Paru dans les Cahiers Michel Servet, n° 7, février 2007, « Des origines du christianisme aux cathares et des cathares à nous », publié par l'Assemblée fraternelle des chrétiens unitariens (AFCU) et le réseau francophone de la Correspondance unitarienne.
Première version publiée sous le même titre dans la revue Vivre, 93/3, Lillois, 1993 et mis en ligne sur le site de Profils de libertés

 

 

 Par nature, la foi est irrationnelle. Elle est de l'ordre de la conviction intime et non de la logique déductive.
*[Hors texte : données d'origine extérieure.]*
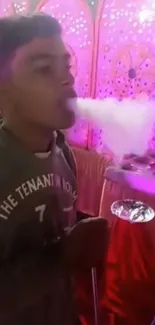 Man exhaling hookah smoke against a pink backdrop.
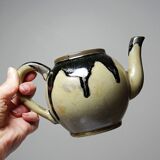 A pair of small vintage teapots in the Art Deco style reminiscent of Denbac.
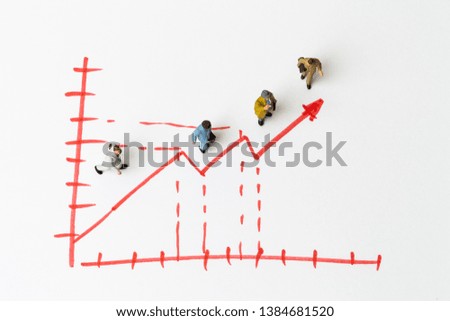 Miniature people on paper with painted financial chart and arrow 
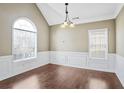 Bright dining room with hardwood floors, wainscoting, and natural light at 494 Martin Forest Ln, Lawrenceville, GA 30045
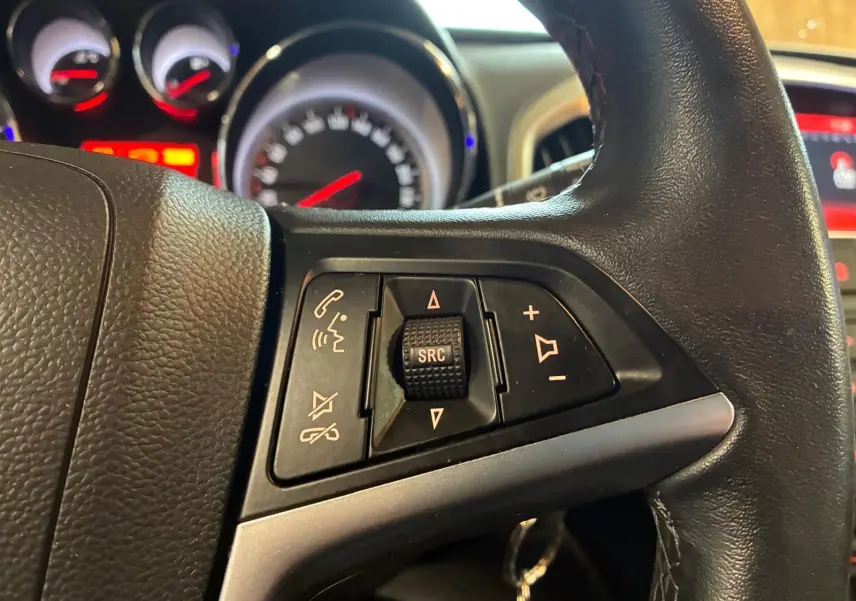 Gros plan sur les commandes multifonctions au volant d'une Opel Astra gris, avec tableau de bord et compteurs en arrière-plan flous.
Pourtant, il est légitime et indispensable de se demander: quelle incidence ma foi a-t-elle sur ma représentation du monde et sur son devenir ? Si je crois que Dieu est amour, en quoi cela oriente-t-il mon regard et ma perception des choses ? Comment imaginer qu'un chrétien puisse faire l'économie de ces questions ?

 

En schématisant, donc en simplifiant beaucoup, deux types de réponses ont été apportés à ces questions. La première a été officialisée par toutes les Églises. Elle tient donc lieu de référence classique de la foi chrétienne. La seconde a souvent été revendiquée par des minorités de chrétiens que les plus nombreux ont toujours qualifiés d'hérétiques, donc de dangereux pour le message évangélique.

 

La vision chrétienne classique

 

Dieu est tout-puissant et amour. Il est donc créateur universel et auteur d'une oeuvre parfaite. Si aujourd'hui tout ne reflète pas cette perfection originelle, c'est que le mal a vicié cette création belle et bonne (ce mal est l'oeuvre d'un ange révolté contre Dieu, à moins qu'on ne dise seulement qu'il vienne du coeur de l'homme). Dès lors, le monde comme le coeur de l'homme sont partagés entre le bien et le mal et cette partition n'aura pas de fin puisque cet enseignement officiel chrétien induit la croyance à l'enfer et aux peines éternelles.

 

Ainsi tout part d'un monde merveilleux (le Paradis aujourd'hui perdu, encore appelé l'Éden). Symboliquement, cela est aussi attesté par la vision qui nous est proposée du monde, avant que les hommes ne construisent la Tour de Babel : « ils avaient alors une langue et les mêmes mots ». Le mythe de l'unité merveilleuse perdue se trouve aussi au début du Livre des Actes (elle est ensuite reprise dans tous les catéchismes classiques) lorsqu'il nous est dit que les chrétiens de l'église primitive vivaient une communion exceptionnelle, qu'il nous faudrait aujourd'hui retrouver.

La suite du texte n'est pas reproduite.